> _What you need to do_
Beneath this task are records; print exactly the stretch of them from the line with "Customer photo review" through the line with "Босоножки фото 2", both ends included.

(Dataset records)
##############################
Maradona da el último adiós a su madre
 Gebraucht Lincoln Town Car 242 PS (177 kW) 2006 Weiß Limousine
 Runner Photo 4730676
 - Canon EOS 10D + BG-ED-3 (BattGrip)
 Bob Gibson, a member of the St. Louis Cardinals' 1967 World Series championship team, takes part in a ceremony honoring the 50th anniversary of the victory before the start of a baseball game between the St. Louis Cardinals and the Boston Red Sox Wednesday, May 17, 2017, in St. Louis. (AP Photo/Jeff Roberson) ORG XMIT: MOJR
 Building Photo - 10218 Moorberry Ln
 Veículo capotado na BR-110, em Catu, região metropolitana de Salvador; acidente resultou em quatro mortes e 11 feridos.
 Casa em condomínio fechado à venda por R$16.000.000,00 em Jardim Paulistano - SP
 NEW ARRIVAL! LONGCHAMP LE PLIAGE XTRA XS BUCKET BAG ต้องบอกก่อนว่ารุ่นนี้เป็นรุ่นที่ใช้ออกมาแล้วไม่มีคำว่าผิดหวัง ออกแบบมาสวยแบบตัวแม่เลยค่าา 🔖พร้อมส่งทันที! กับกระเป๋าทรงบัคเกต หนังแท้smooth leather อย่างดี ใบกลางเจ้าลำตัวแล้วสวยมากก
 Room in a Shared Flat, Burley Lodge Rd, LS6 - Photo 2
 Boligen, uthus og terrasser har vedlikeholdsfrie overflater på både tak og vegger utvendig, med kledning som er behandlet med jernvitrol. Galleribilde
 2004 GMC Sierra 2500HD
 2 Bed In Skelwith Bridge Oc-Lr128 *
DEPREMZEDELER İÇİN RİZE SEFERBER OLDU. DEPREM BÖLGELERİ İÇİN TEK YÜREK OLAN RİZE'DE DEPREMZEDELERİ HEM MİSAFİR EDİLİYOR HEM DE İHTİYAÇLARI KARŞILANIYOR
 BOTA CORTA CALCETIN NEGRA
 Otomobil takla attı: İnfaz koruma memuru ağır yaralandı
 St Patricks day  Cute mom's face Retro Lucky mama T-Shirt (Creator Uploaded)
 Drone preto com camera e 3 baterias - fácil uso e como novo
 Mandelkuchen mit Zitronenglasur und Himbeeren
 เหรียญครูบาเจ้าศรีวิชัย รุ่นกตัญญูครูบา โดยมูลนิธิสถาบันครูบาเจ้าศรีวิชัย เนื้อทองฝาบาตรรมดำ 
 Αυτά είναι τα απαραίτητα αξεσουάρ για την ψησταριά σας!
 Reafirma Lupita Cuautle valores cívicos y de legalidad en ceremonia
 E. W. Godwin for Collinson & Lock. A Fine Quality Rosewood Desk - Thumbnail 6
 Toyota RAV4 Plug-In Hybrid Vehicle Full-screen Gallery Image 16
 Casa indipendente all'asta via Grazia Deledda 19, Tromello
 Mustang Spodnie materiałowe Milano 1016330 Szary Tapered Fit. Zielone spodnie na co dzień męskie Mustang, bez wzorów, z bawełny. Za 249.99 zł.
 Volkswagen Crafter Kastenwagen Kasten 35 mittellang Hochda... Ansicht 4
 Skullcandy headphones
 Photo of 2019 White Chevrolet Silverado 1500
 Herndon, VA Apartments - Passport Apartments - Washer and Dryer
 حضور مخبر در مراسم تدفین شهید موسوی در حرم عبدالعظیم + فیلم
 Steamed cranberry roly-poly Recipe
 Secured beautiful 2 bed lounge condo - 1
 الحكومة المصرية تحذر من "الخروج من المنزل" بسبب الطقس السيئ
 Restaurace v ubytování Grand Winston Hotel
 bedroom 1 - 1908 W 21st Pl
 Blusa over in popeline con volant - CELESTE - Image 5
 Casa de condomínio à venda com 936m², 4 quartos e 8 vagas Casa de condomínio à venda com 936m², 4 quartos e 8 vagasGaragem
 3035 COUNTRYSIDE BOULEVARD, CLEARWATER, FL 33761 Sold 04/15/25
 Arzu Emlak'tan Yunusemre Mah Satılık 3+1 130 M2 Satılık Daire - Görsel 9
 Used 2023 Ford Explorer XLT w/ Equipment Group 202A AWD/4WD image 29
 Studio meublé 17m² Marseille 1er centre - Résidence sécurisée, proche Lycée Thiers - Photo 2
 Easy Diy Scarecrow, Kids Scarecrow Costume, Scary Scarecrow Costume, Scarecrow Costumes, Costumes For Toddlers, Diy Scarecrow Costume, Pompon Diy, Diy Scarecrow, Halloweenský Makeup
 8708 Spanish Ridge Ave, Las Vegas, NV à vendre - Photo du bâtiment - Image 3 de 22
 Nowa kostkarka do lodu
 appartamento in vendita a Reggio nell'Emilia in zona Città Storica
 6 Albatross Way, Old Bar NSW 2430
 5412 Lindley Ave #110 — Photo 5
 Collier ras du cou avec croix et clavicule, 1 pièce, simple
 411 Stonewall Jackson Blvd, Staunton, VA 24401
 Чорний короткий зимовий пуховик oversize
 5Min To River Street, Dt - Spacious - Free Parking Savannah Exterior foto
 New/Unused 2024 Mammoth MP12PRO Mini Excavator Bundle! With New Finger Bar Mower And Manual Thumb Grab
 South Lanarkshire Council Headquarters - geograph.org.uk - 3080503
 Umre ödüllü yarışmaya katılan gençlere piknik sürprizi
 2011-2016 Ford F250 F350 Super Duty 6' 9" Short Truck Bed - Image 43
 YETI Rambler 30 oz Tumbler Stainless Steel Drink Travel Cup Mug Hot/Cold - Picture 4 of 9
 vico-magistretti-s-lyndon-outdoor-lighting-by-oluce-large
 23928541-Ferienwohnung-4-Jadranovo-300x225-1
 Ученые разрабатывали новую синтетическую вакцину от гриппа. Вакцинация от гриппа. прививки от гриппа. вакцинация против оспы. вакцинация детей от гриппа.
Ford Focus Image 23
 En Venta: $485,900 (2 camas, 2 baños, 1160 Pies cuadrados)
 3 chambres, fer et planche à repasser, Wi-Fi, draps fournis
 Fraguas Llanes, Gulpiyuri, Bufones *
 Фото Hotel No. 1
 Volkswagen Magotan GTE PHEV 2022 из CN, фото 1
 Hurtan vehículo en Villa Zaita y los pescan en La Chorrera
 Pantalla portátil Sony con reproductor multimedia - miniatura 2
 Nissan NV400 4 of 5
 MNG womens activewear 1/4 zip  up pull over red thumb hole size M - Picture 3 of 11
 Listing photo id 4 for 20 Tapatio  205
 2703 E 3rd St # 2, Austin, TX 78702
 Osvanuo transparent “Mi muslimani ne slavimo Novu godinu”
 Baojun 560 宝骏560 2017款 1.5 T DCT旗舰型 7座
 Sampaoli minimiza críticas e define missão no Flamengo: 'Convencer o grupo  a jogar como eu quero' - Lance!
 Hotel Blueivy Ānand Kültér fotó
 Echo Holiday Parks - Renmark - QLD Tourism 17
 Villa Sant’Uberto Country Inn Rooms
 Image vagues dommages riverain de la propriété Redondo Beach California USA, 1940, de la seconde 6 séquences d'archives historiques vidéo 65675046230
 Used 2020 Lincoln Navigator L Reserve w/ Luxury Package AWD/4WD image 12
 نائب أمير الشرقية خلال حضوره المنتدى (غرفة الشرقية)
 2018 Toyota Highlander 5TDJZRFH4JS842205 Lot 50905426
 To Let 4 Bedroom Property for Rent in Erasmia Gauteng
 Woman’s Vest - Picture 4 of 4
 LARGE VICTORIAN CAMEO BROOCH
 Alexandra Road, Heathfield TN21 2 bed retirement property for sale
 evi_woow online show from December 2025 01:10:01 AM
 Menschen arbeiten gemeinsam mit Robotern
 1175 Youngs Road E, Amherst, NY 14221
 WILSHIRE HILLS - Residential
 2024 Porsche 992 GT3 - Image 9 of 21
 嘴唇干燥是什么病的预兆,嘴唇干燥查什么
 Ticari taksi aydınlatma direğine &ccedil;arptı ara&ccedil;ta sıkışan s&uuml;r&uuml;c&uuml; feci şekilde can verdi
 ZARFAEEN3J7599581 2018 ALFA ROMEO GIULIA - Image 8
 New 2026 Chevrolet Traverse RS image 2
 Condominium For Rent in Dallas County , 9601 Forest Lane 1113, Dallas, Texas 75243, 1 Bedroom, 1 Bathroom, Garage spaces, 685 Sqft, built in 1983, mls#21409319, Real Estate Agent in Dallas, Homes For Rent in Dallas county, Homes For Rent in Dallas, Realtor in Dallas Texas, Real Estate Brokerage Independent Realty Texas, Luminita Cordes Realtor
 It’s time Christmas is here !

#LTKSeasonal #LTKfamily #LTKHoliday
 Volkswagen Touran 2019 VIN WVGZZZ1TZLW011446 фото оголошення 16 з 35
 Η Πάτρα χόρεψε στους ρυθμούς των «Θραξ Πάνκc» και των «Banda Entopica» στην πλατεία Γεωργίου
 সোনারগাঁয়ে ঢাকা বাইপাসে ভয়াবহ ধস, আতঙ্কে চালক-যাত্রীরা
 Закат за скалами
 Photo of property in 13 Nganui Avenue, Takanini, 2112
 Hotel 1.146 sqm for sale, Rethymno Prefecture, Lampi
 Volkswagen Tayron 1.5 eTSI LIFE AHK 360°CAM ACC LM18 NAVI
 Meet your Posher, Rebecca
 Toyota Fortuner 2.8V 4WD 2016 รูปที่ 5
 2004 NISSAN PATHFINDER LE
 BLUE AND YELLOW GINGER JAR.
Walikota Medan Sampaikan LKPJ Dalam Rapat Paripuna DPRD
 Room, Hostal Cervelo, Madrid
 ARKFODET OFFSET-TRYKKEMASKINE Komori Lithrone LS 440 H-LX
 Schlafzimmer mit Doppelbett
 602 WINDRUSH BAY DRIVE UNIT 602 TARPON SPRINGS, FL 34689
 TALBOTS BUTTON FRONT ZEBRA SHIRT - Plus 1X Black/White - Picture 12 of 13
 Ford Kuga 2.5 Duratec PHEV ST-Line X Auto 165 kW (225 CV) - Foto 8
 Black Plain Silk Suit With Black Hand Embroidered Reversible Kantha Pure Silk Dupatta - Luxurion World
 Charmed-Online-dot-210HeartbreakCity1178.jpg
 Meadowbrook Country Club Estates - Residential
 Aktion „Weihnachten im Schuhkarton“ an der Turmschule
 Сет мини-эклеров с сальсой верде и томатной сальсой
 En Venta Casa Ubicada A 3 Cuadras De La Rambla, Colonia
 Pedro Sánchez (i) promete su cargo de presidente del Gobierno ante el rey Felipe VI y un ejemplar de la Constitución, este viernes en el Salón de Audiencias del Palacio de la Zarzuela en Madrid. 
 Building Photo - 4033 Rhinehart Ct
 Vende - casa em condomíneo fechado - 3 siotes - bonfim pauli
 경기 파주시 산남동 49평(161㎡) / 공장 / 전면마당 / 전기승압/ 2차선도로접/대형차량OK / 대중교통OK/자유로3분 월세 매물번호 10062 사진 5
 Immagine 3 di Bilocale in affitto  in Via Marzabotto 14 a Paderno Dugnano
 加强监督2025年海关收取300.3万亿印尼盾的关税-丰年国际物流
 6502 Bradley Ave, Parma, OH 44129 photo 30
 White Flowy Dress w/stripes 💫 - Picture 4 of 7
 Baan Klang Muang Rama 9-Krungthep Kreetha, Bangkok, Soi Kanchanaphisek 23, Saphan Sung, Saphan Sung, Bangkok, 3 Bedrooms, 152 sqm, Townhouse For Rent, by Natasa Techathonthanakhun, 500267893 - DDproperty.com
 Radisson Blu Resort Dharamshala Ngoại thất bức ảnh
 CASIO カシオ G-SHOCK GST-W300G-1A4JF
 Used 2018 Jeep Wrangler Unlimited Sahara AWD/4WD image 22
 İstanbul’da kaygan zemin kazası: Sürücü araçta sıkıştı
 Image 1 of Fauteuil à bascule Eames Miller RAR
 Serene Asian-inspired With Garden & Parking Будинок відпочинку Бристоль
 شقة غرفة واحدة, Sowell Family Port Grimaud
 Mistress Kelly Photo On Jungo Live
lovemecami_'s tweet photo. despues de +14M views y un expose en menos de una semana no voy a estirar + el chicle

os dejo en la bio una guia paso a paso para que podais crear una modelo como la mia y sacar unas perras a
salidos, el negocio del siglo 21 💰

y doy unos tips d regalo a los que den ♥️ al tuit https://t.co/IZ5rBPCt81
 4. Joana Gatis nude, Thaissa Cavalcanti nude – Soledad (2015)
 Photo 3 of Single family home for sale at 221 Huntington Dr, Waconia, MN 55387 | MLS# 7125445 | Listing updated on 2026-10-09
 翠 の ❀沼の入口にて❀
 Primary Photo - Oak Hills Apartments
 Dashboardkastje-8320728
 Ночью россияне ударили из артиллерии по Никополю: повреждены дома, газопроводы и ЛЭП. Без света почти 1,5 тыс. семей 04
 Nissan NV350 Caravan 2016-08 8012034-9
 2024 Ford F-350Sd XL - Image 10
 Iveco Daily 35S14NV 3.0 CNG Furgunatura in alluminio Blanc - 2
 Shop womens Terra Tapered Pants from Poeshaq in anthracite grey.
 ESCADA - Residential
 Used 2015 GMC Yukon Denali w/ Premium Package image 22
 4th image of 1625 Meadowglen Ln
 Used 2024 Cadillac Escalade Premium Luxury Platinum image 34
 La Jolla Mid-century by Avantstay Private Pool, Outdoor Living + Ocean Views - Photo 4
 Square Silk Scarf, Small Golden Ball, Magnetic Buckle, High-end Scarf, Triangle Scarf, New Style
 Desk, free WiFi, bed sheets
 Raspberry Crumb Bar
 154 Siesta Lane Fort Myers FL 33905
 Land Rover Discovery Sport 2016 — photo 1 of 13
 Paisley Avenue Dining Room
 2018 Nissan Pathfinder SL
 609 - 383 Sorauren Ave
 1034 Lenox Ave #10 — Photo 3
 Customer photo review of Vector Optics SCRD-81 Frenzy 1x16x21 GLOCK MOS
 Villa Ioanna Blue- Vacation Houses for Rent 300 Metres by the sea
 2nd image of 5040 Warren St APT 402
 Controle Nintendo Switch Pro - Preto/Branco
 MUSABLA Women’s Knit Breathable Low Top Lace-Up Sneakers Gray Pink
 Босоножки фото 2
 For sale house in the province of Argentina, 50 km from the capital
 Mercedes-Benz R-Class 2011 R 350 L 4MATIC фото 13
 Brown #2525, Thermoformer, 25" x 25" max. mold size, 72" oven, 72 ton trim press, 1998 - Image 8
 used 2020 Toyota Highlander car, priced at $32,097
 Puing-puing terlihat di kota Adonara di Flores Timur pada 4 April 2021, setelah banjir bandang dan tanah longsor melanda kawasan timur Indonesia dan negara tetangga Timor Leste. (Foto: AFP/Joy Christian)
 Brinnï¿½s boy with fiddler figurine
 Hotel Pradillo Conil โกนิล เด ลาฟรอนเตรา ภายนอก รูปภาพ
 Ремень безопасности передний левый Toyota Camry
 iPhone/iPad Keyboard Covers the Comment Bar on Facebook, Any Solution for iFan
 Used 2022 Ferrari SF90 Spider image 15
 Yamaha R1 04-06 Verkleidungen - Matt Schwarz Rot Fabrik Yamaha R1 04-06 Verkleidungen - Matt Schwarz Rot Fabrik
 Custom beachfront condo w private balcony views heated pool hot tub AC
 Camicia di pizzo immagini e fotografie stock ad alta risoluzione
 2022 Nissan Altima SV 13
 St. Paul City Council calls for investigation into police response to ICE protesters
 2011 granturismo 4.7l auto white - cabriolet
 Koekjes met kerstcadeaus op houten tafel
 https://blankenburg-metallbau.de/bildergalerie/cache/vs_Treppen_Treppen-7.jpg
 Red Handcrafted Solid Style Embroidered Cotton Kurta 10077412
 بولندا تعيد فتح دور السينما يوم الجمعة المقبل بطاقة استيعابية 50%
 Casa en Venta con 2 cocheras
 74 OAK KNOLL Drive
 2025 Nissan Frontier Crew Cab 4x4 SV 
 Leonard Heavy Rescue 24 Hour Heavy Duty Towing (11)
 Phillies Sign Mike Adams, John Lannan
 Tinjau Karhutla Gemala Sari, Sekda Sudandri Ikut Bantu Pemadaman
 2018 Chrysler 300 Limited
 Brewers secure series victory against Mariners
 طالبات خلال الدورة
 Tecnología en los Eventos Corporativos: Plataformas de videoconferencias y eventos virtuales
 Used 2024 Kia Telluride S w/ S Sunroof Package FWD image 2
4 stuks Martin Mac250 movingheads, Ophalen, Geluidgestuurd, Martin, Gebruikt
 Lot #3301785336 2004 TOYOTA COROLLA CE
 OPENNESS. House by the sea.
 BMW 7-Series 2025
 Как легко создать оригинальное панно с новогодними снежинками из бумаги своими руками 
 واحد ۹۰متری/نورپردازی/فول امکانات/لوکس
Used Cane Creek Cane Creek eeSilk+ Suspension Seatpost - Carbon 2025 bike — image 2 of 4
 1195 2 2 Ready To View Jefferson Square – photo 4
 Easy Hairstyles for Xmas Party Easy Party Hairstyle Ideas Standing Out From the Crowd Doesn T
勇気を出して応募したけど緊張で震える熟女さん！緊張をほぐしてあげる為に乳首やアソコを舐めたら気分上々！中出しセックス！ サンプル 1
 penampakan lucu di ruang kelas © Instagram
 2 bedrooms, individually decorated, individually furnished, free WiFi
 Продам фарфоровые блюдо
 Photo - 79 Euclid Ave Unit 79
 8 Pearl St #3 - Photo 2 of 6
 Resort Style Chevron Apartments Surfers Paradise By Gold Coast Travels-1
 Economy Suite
##############################
> _Output of the exercise_
 Customer photo review of Vector Optics SCRD-81 Frenzy 1x16x21 GLOCK MOS
 Villa Ioanna Blue- Vacation Houses for Rent 300 Metres by the sea
 2nd image of 5040 Warren St APT 402
 Controle Nintendo Switch Pro - Preto/Branco
 MUSABLA Women’s Knit Breathable Low Top Lace-Up Sneakers Gray Pink
 Босоножки фото 2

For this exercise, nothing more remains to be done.